Nancy Regina Heinen is an American lawyer, business executive and philanthropist. She is known for being the General Counsel, Senior Vice President, and Secretary of Apple Inc from September 1997 to May 2006. Heinen is currently a member of the board of VERB and the Silicon Valley Social Venture Fund. She also serves on the board of directors and advisory boards for several other companies and philanthropic organizations.

== Early life and education ==
Heinen received a Bachelor of Arts in Psychology and English from the University of California, Berkeley, and a Juris Doctor from University of California, Berkeley School of Law in 1982.

== Career ==

=== Early career ===
Heinen began her career as an associate in several San Francisco Bay area law firms. She then worked in the legal department of Tandem Computers and was later hired by Steve Jobs as the general counsel at NeXT. From 1988 to 1993, Heinen was the Secretary of Hewlett Packard Enterprise. While at NeXT, Heinen helped to prepare the company for its initial public offering, and its eventual acquisition by Apple Computer Inc.

=== Apple Computer Inc (1997–2006) ===
After NeXT was purchased by Apple in March 1996, Heinen stayed with the company as General Counsel and secretary. Heinen later became Senior Vice President, General Counsel and Legal Secretary of Apple Computer Inc. She was also on the board of BSA Software Alliance from 1996 to 2005.

Heinen was one of several Apple executives credited with helping to revive Apple after it experienced a financial decline in the 1990s, along with Fred D. Anderson, Mitch Mandich, Jon Rubinstein, and Avie Tevanian. During this time, Apple began pre-emptively applying for patents to prevent them from being obtained by the company's competition, a tactic Heinen described as "a defensive tool". Heinen left Apple on May 1, 2006, after nine years with the company. Neither Heinen nor Apple commented on her departure other than to confirm it. Shortly after she left, she retained two criminal defense lawyers, and Apple admitted to irregularities in its handling of executive stock option dating.

==== SEC allegations ====
On April 24, 2007, the SEC filed a claim against Heinen alleging that she caused Apple to backdate large option grants and altered corporate records to hide the actions. According to the SEC press release, "Heinen is charged with, among other things, violating the antifraud provisions of the Securities Act of 1933 and the Securities Exchange Act of 1934, lying to Apple's auditors, and violating prohibitions on circumventing internal controls" based on options awarded to Steve Jobs which were dated October 19, 2001 but allegedly granted in December 2001, and also option grants awarded to top company executives, including Heinen which were dated January 17, 2001 but allegedly granted in February 2001.

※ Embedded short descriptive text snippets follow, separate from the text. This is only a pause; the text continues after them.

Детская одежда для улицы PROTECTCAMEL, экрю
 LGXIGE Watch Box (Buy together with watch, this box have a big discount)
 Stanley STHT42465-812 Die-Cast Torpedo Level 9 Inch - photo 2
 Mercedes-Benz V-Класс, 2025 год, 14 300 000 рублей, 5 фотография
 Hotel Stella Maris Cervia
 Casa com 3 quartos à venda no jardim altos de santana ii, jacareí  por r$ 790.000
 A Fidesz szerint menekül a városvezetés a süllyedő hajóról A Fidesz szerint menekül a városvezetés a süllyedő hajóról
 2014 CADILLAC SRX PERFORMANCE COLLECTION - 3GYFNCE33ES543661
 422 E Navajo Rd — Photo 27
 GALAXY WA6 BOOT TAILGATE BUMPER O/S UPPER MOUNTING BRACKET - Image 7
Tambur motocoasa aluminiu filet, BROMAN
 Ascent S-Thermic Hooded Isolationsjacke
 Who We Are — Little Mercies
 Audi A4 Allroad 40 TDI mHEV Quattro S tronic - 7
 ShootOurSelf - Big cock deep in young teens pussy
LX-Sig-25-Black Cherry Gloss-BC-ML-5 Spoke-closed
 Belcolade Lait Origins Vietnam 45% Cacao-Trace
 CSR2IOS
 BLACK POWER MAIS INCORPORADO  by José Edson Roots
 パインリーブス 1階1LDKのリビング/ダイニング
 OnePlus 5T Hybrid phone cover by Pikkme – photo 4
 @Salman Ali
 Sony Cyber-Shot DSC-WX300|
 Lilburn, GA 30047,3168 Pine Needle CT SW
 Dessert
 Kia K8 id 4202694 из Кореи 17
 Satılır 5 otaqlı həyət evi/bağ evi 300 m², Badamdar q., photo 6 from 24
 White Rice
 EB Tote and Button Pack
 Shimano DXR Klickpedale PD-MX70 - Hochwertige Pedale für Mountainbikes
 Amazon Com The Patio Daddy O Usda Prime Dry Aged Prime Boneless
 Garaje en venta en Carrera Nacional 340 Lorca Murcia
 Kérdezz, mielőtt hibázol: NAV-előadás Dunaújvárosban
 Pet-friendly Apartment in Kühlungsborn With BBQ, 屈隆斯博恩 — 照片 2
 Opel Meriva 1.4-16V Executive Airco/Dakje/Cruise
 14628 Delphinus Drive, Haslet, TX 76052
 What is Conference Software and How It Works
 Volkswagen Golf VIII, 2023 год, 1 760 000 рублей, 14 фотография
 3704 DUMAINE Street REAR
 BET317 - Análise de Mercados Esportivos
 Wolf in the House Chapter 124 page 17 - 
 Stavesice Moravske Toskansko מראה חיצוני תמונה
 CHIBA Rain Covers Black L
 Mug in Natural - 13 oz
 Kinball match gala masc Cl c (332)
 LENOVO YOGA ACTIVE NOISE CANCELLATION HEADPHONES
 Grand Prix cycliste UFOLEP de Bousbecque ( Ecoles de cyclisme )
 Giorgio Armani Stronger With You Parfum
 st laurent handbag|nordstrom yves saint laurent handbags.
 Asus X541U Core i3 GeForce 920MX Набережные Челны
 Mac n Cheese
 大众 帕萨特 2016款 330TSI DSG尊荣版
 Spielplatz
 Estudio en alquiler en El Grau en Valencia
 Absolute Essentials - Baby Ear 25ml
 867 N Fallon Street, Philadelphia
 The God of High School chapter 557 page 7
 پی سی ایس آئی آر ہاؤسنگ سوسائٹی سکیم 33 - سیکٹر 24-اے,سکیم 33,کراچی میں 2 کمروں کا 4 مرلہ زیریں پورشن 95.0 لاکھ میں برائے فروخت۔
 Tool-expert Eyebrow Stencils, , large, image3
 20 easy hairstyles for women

Heinen settled with the SEC on August 14, 2008, agreeing to pay a total of $2.2 million to resolve all of the SEC charges against her, but without either admitting or denying any wrongdoing. Heinen was to return $1.575 million from the stock options that she received, plus interest, and pay a $200,000 penalty. Apple's former CFO Fred D. Anderson had already reached a $3.5 million settlement with the SEC in 2007, without admitting or denying its allegations regarding the stock-option backdating at the technology company. The SEC settlement also barred Heinen from serving as a public company officer or director for five years and barred her from practicing before the SEC for three years. Heinen's settlement ended the civil suit filed in California federal court by the SEC in April 2007 that would otherwise have gone to trial in 2009. A two-year criminal investigation into the matter by the U.S. Justice Department was closed without criminal charges being filed.

=== Post-Apple career ===
After leaving Apple, Heinen became involved in various philanthropic and non-profit organizations, particularly those related to social justice, and economic and educational outreach. In 2009, Heinen joined the board of directors of Silicon Valley Social Ventures. a non-profit founded by Laura Arrillaga-Andreessen. Heinen became vice chair in 2011, and chairman in 2012. She participated in the education grant round and partner advisory board, and served as a co-leader of FY16-17's international grant round.

Heinen is Chair of the Board of Directors for First Place For Youth, a non-profit organization which helps foster youths, and of Teen Success Inc. Heinen has served as a member of the board of several other organizations such as Embrace, the UC Berkeley Center for Law, Business and the Economy, Northern California Innocence Project, Illuminate Ventures, Duarte, and Vitamix. Heinen is also a sponsor of People Acting in Community Together (P.A.C.T).

On December 20, 2019, it was announced that Heinen had joined the board of directors of VERB Technology Company, Inc., a Newport Beach, California based software company.

== Personal life ==
Heinen is married to attorney Dennis DeBroeck, a partner in the corporate group at Fenwick & West law firm, which is counsel to Apple Inc.